🤖 AI Summary
This work proposes a method to improve the accuracy of next-turn response prediction in dialogue by modeling implicit chains of thought present in human conversations. Treating the chain of thought as a latent variable, the authors derive and optimize a variational lower bound on the log-likelihood of real dialogue data, thereby achieving a distribution matching objective. In contrast to reward-based approaches that rely on large language models as judges (LLM-as-a-judge), the proposed approach more effectively enhances the human-likeness of generated responses. Experimental results demonstrate that the method significantly outperforms existing baselines in both log-likelihood and human preference win rates, confirming the effectiveness and superiority of integrating implicit chains of thought with a distribution matching objective.
📝 Abstract
To predict what someone will say is to model how they think. We study this through next-turn dialogue prediction: given a conversation, predict the next utterance produced by a person. We compare learning approaches along two dimensions: (1) whether the model is allowed to think before responding, and (2) how learning is rewarded either through an LLM-as-a-judge that scores semantic similarity and information completeness relative to the ground-truth response, or by directly maximizing the log-probability of the true human dialogue.

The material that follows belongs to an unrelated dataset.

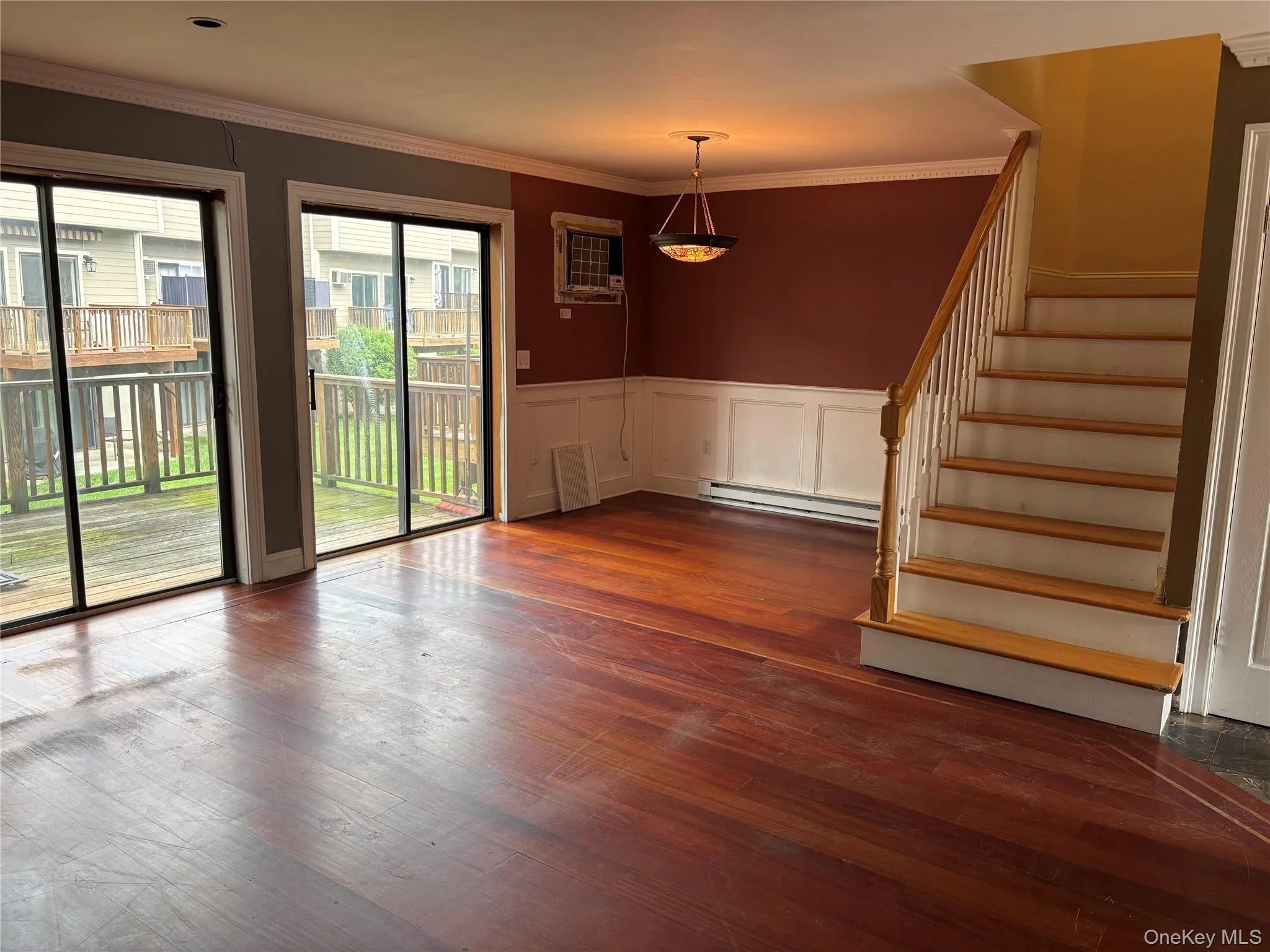 Spacious interior with wood-finish flooring, wainscoting, and crown molding Spacious interior with wood-finish flooring, wainscoting, and crown molding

We find that optimizing for judge-based rewards indeed increases judge scores throughout training, however it decreases the likelihood assigned to ground truth human responses and decreases the win rate when human judges choose the most human-like response among a real and synthetic option. This failure is amplified when the model is allowed to think before answering. In contrast, by directly maximizing the log-probability of observed human responses, the model learns to better predict what people actually say, improving on both log-probability and win rate evaluations. Treating chain-of-thought as a latent variable, we derive a lower bound on the log-probability. Optimizing this objective yields the best results on all our evaluations. These results suggest that thinking helps primarily when trained with a distribution-matching objective grounded in real human dialogue, and that scaling this approach to broader conversational data may produce models with a more nuanced understanding of human behavior.